YOUR GOAL
Report how many lines of these entries hold the string "Christmas"; reply with the number alone.

LISTED ENTRIES
# # # # # # #

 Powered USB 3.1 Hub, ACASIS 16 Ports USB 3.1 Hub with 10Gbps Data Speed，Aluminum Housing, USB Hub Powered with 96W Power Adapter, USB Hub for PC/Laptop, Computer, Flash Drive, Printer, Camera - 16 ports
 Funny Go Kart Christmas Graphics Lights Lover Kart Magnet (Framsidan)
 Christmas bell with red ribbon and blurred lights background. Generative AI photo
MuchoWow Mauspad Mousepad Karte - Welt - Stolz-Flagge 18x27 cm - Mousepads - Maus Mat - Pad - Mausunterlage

# # # # # # #

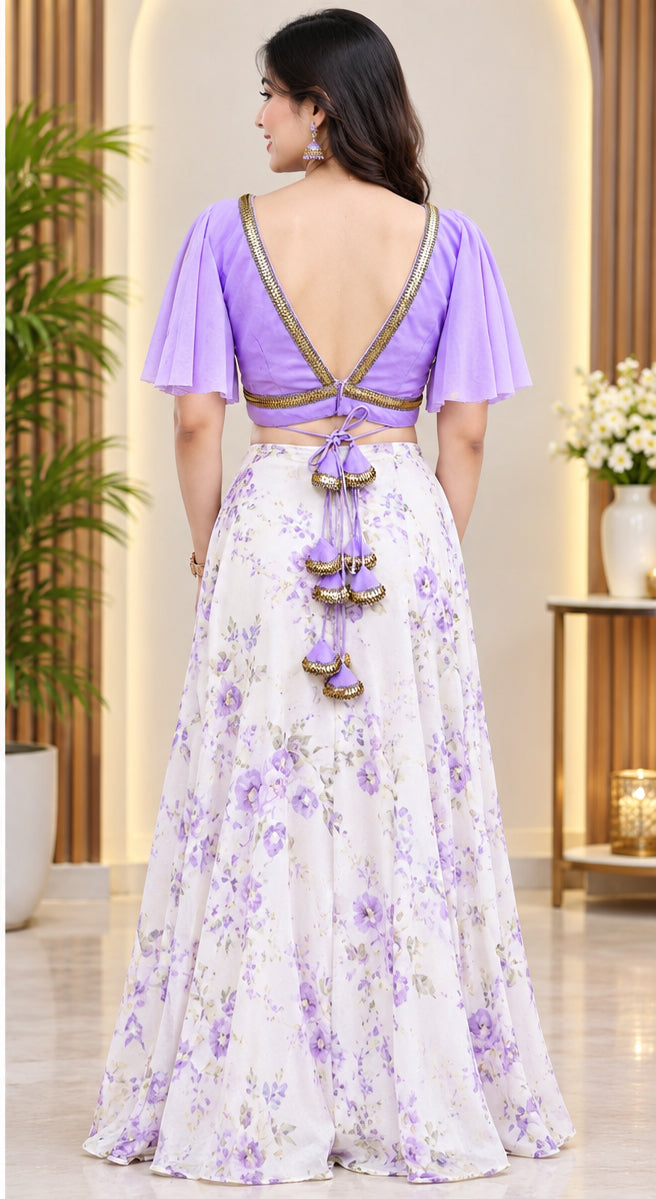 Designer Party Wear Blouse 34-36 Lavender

# # # # # # #

TASK RESULT
2